» Assignment: For every line below, output the text exactly and leave out images.

» Extracted data entries:
━━━━━━━━━━━━━━━━

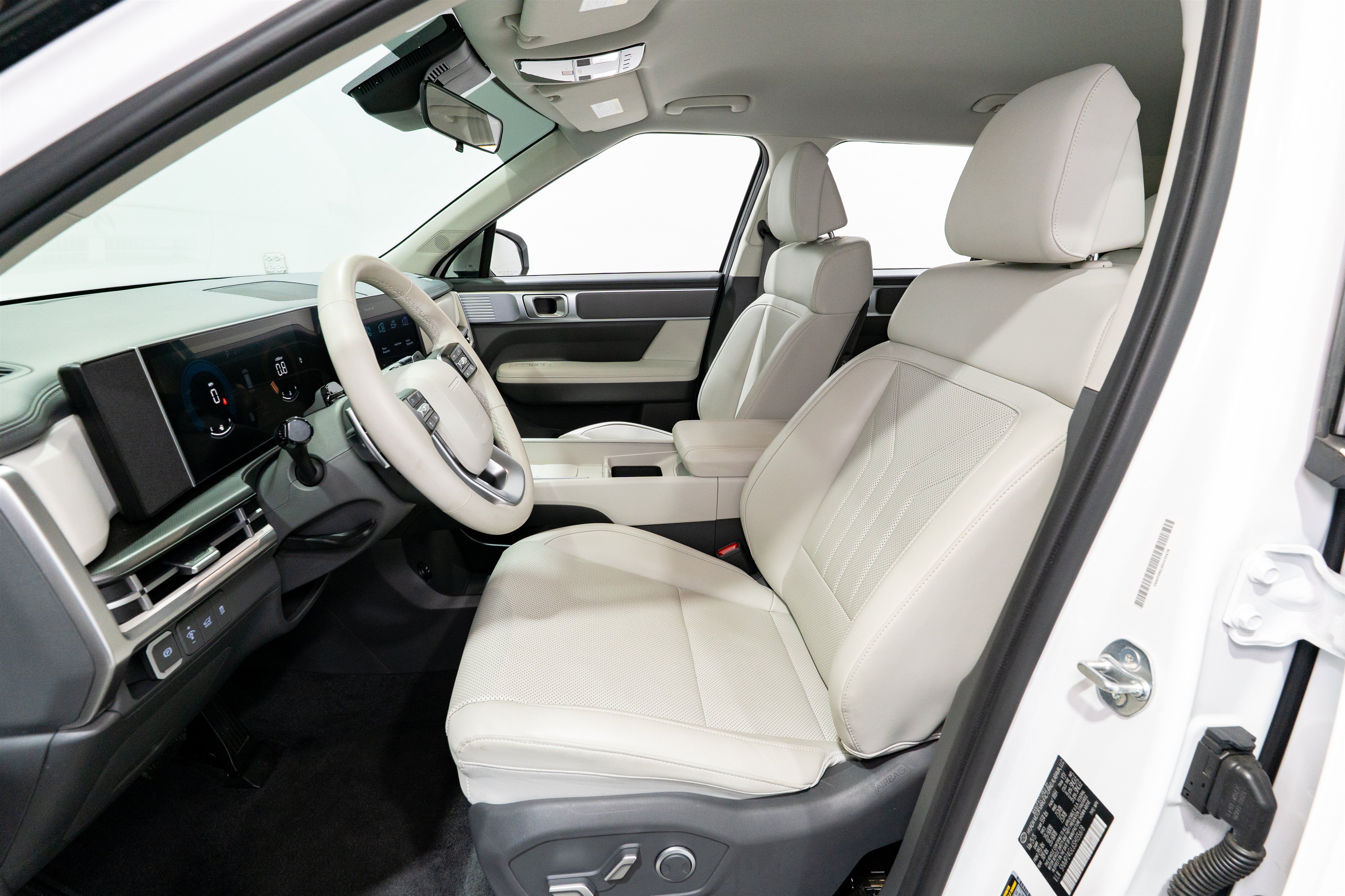 Used 2025 Hyundai Santa Fe SEL FWD image 15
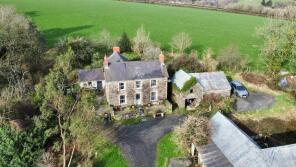 Rhiwe Farm, Llanycefn, Clunderwen SA66 7JE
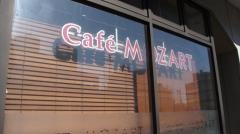 モーツアルト宮前平店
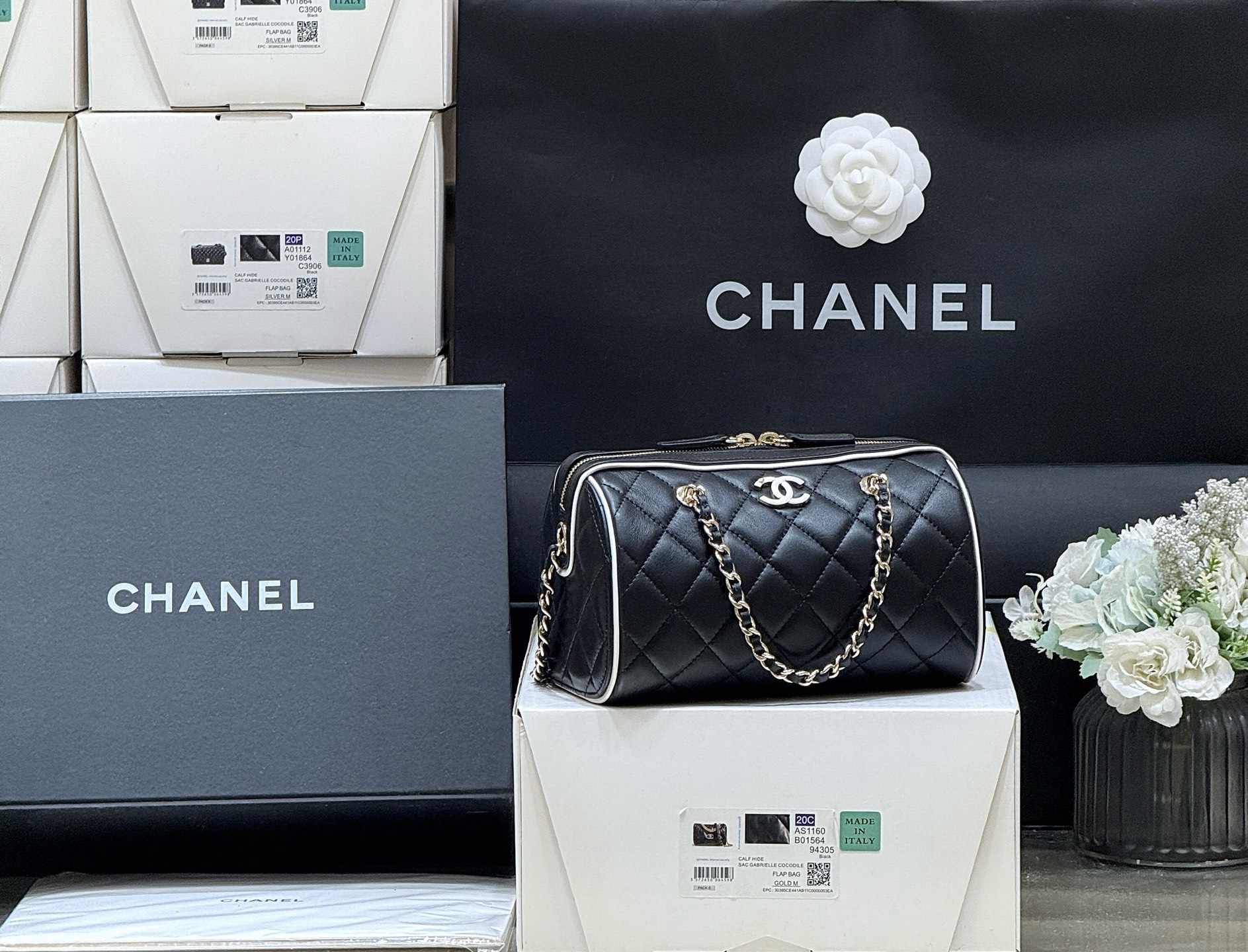 [Chanel Women
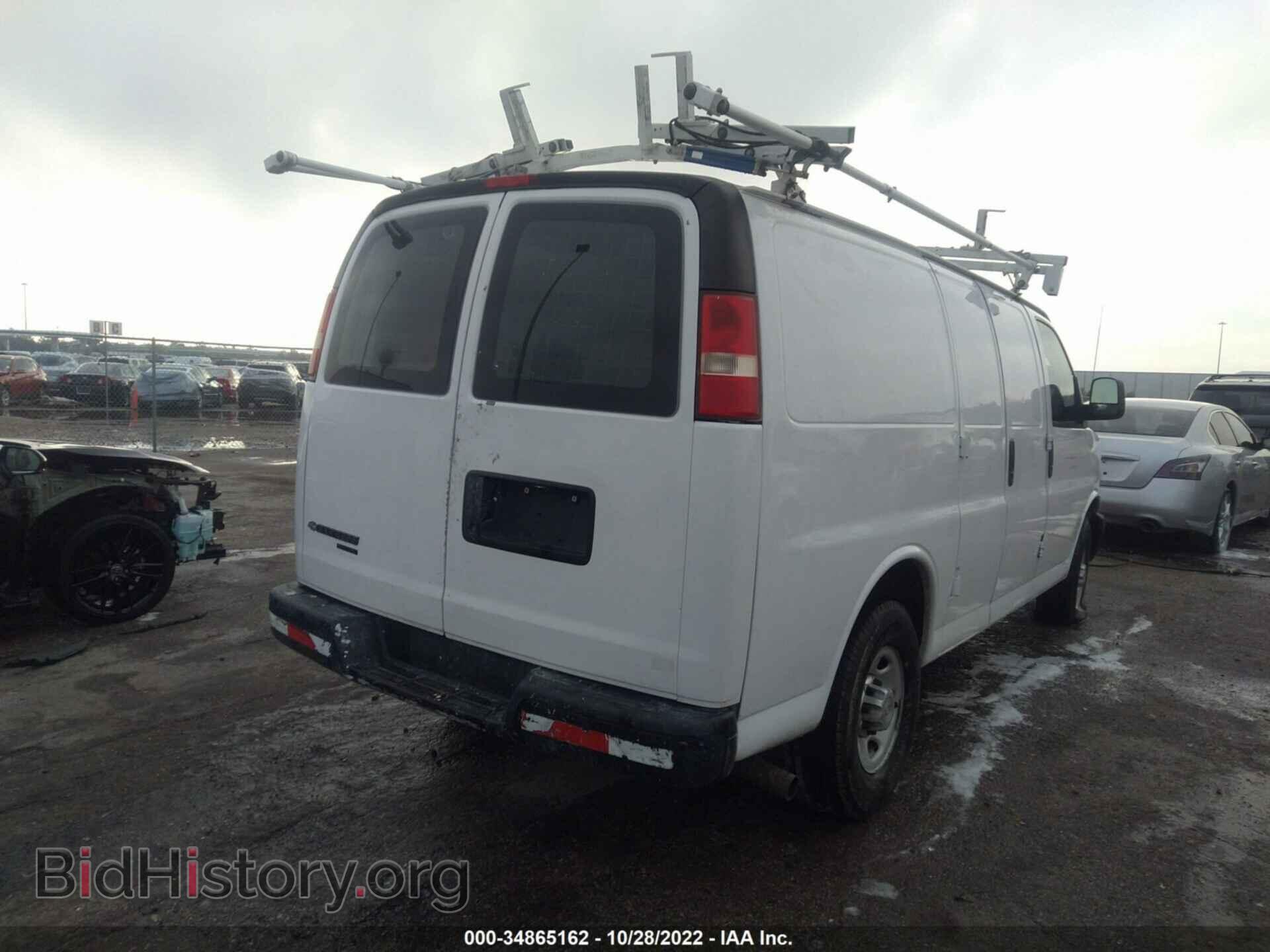 2013 CHEVROLET EXPRESS CARGO VAN - VIN: 1GCWGFBA9D1132463 - Фото 4
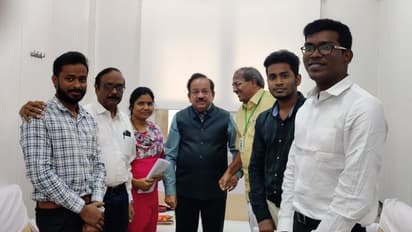 நீட்டும் வேண்டாம், நெக்ஸ்டும் வேண்டாம்..!! மத்திய அமைச்சரின் அறைக்கே சென்று அதிரடிகாட்டிய மருத்துவர்கள் சங்கம்..!!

━━━━━━━━━━━━━━━━

» Solution to this problem:
 Used 2025 Hyundai Santa Fe SEL FWD image 15
 Rhiwe Farm, Llanycefn, Clunderwen SA66 7JE
 モーツアルト宮前平店
 [Chanel Women
 2013 CHEVROLET EXPRESS CARGO VAN - VIN: 1GCWGFBA9D1132463 - Фото 4
 நீட்டும் வேண்டாம், நெக்ஸ்டும் வேண்டாம்..!! மத்திய அமைச்சரின் அறைக்கே சென்று அதிரடிகாட்டிய மருத்துவர்கள் சங்கம்..!!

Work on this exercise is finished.